Carethers et al. untersuchten in einer retrospektiven Studie 204 Patienten der Stadien II
und III, von denen 32% adjuvant chemotherapiert wurden (Carethers et al., 2004). Auch
in dieser Studie konnte der Vorteil einer 5-FU-basierten Chemotherapie nur für MSI-Hnegative Patienten festgestellt werden (p=0.0478). Ein positiver MS-Status brachte
weder mit (p=0.74) noch ohne (p=0.998) Chemotherapie einen Überlebensvorteil ein.
Ebenso wenig konnte eine Studie von Barratt et al. einen signifikanten prognostischen
49
Vorteil für MSI-H-positive Tumoren beobachten (Barratt et al., 2002). Unter 368 Patienten des Stadiums II und III wurde weder für Patienten mit postoperativer Portalvenen-5-FU-Infusion (p=0.54) noch für Patienten ohne diese Therapie (p=0.35) eine bessere Prognose gegenüber den MSI-H-negativen Patienten festgestellt. Hierbei ist allerdings die besondere Applikationsform der Chemotherapie zu beachten.
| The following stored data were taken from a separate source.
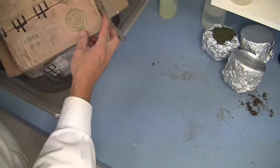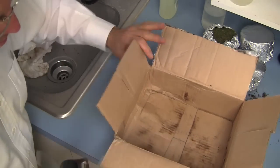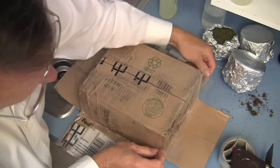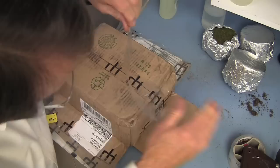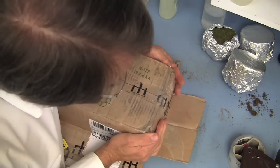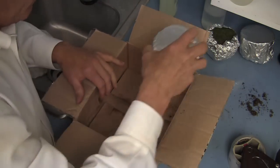Let's take a look at shipping a sample. We'll pack it in the same box it came in, just with new wrapping materials. The first thing you want to do is improve the integrity of the box by sealing off all of the openings so that nothing can leak out. Now the whole bottom of the box is sealed — let's put our samples in.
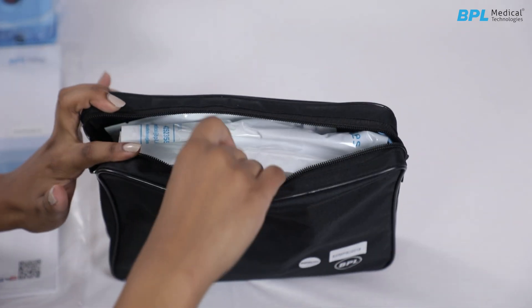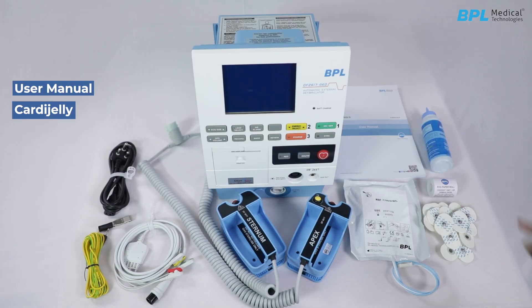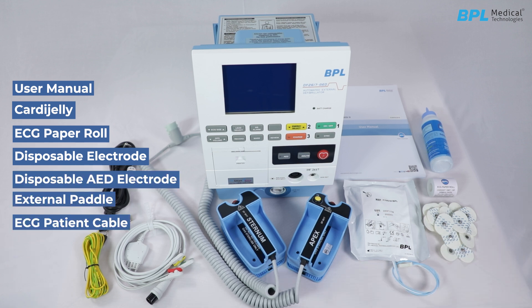The standard accessories provided with the machine include: user manual, cardiac jelly, ECG paper roll, disposable electrode, disposable AED electrode, external paddle, ECG patient cable 3-lead, earthing cable, and a power cord.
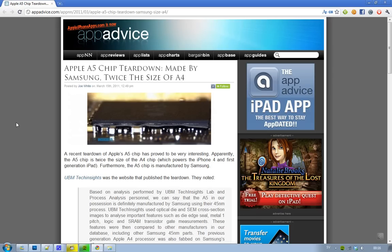It's hilarious that Samsung is making chips for their competitors and rivals. I mean, Samsung should be using the Apple A5 chip — because they're making it.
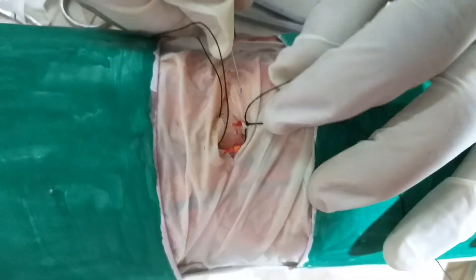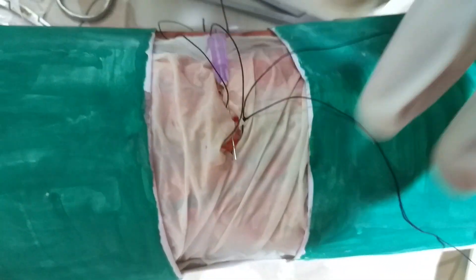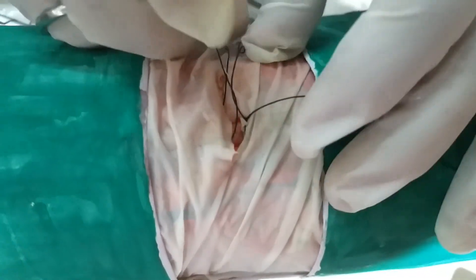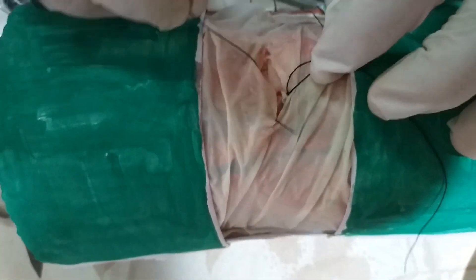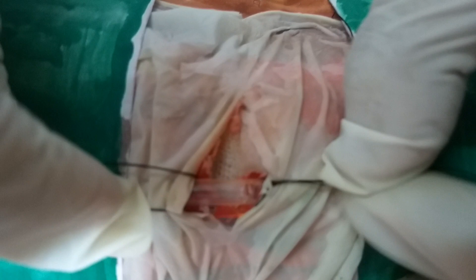Now you take a needle and pass it at the middle of the circumference of your vein. The needle has passed through the mid circumference of the vein. Now take your scalpel blade and give a nick over this needle. Once the nick is given, the vein will be punctured. You can see the hole — the vein is punctured.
Eine retrospektive Studie von Halling et al. untersuchte Tumormaterial von 508 Patienten des Stadiums II und III (Halling et al., 1999). Das Material stammte aus 7 verschiedenen Chemotherapie-Studien. Etwa 44% der Patienten bekamen eine 5-FU-haltige
Chemotherapie verabreicht. MSI-H-positive Tumoren wiesen unabhängig von der
Chemotherapie eine signifikant höhere 5-Jahres-Überlebensrate auf als MSS-Tumoren
(76% vs. 63%, p=0.02) und zeigten ebenso eine signifikante Beziehung zur rezidivfreien Überlebenszeit (79% vs. 60%, p=0.01). Speziell für die Chemotherapie ließ sich aber
kein Nutzen für MSI-H-positive Patienten erkennen. Die Autoren weisen auf eine vorsichtige Handhabung letzterer Ergebnisse hin, da die Patienten mit einer Reihe unterschiedlicher Behandlungen über einen Zeitraum von 13 Jahren therapiert worden sind.
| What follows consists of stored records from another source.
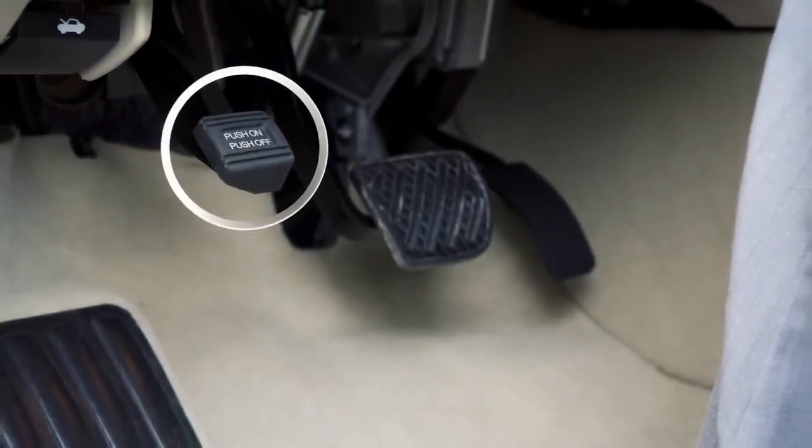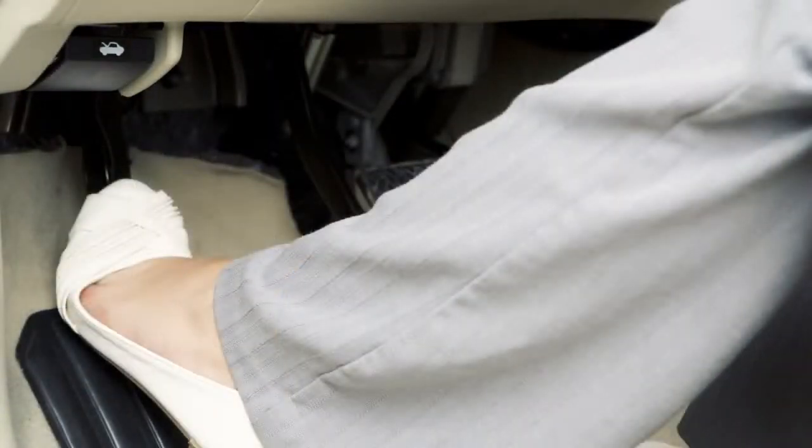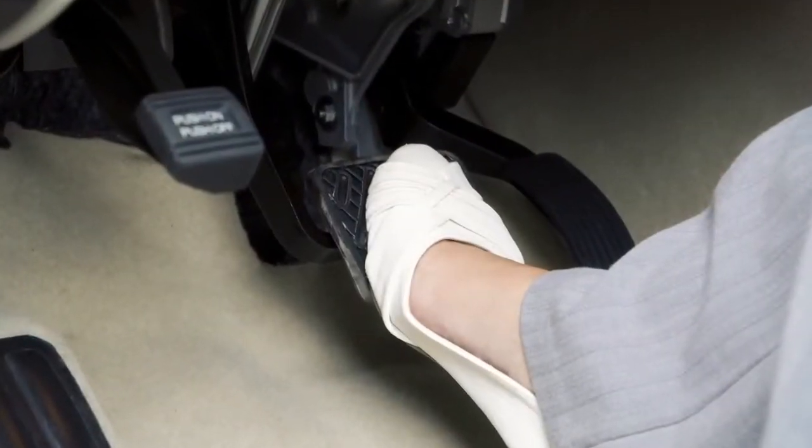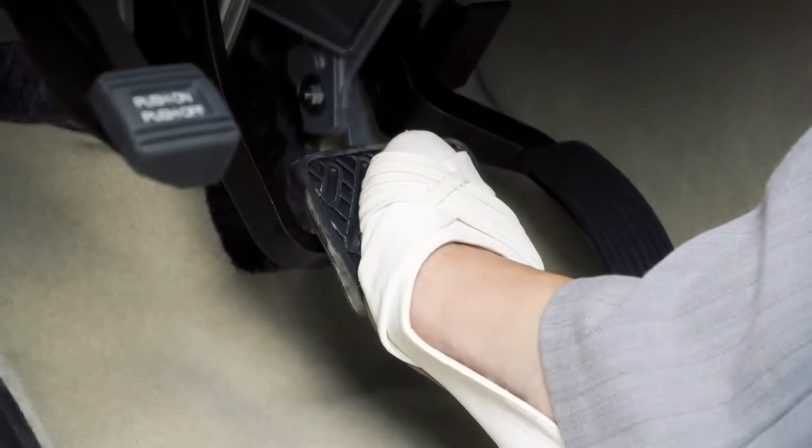The parking brake is located to the left of the brake pedal. To apply the parking brake, fully depress this pedal. To release, depress the parking brake pedal a second time with your left foot while your right foot is firmly placed on the brake pedal to prevent the vehicle from moving.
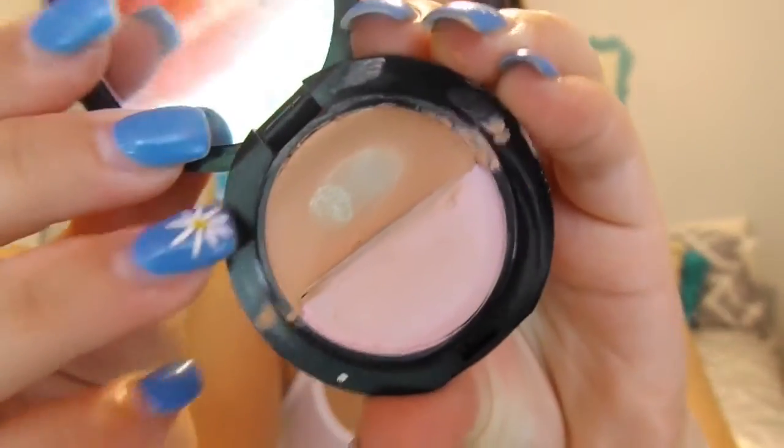Now I'm taking my Benefit Boi-ing Concealer, and I'm putting this under my eyelids and putting it on some of my problem areas. Then I'll be blending it out with my Beauty Blender.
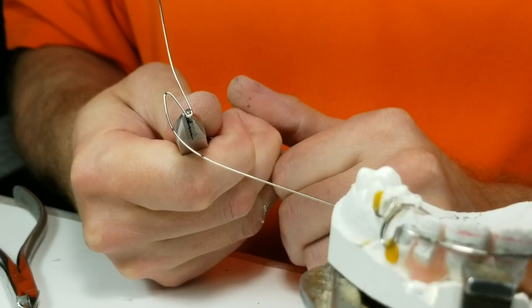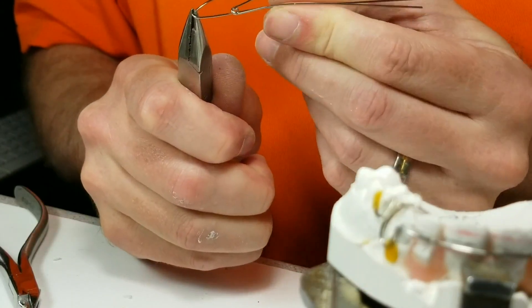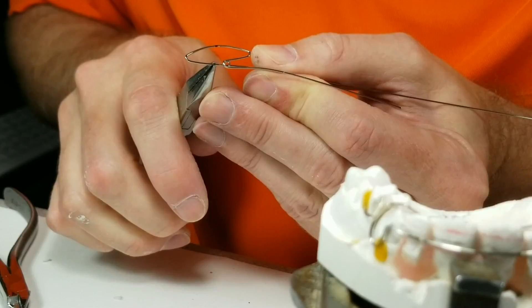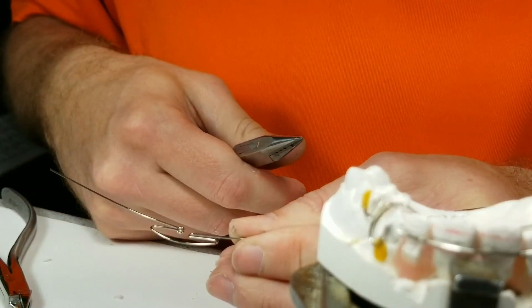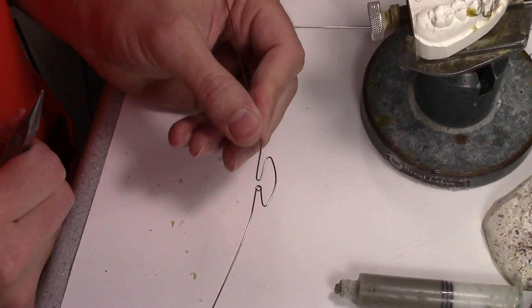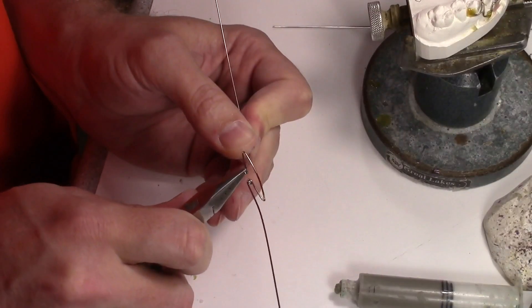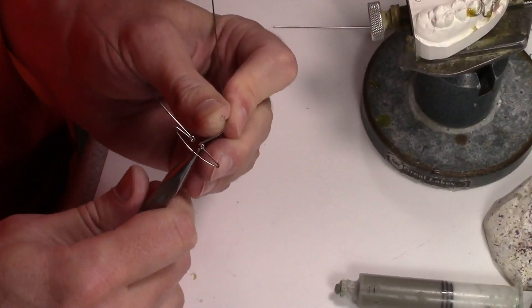I usually like to make these parallel with each other. On the next side, I try to keep these parallel as well. I'm going to grab here and go straight down. I'll look and see if it is even or not — it looks pretty even, so I'm going to keep going. I grip it, bend, loosen my grip, slide around, bend the wire — loosen my grip, slide around, bend the wire — and just keep doing that.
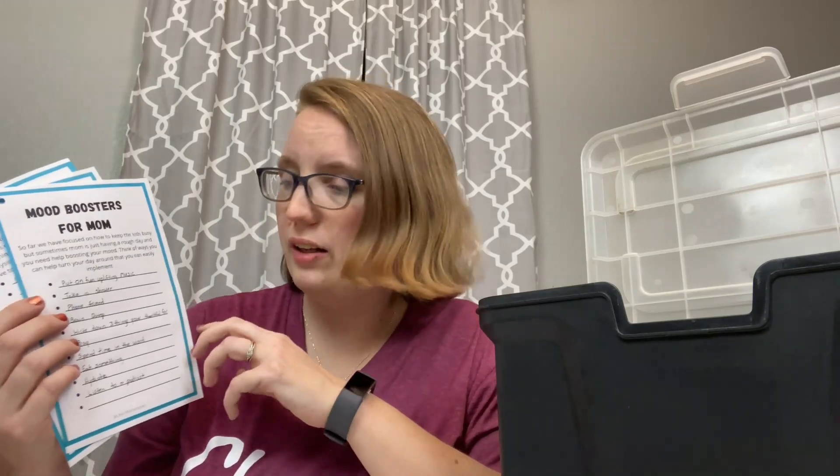You can make a list of mood boosters for mom. We already talked about how mom sets the tone, so if you are in a bad mood, can you put on some fun music? How about taking a shower, making sure you've eaten something for the day other than your chocolate? Next, you have an outside time sheet where you brainstorm ideas to get some movement in and have fun outside — and if you can throw an educational twist on it, even better. I have a video just on educational outdoor activities that are free and easy to implement.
Dies entspräche nicht der idealen Vorgehensweise, um den prognostischen Wert von
Markern nach einer Therapie zu testen.
5.2.2
Palliative Therapie - Stadium IV
In der vorliegenden Arbeit konnte eine Prognoseverbesserung für MSI-H-positive Patienten gegenüber MSI-H-negativen Patienten nicht belegt werden. Aufgrund mangelnder Fallzahl war für die MSI-H-positiven Patienten statistisch kein Median zu ermitteln.
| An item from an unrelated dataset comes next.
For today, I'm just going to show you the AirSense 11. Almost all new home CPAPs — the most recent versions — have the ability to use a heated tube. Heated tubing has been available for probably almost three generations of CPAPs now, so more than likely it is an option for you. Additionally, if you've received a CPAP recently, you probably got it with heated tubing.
Das Gesamtüberleben (n Monate vs. 18,5 Monate, p=0.4168) sowie auch das progressionsfreie Überleben (n Monate vs. 10,5 Monate, p=0.8303) standen in keinem signifikanten Zusammenhang zum MS-Status. Dagegen zeigten chemotherapierte MSI-H-positive
Tumoren gegenüber den MSI-H-negativen Tumoren zum Zeitpunkt der ersten Remissionsbeurteilung hinsichtlich der Rückläufigkeit bzw. Stabilität (CR+PR+SD) (50% vs.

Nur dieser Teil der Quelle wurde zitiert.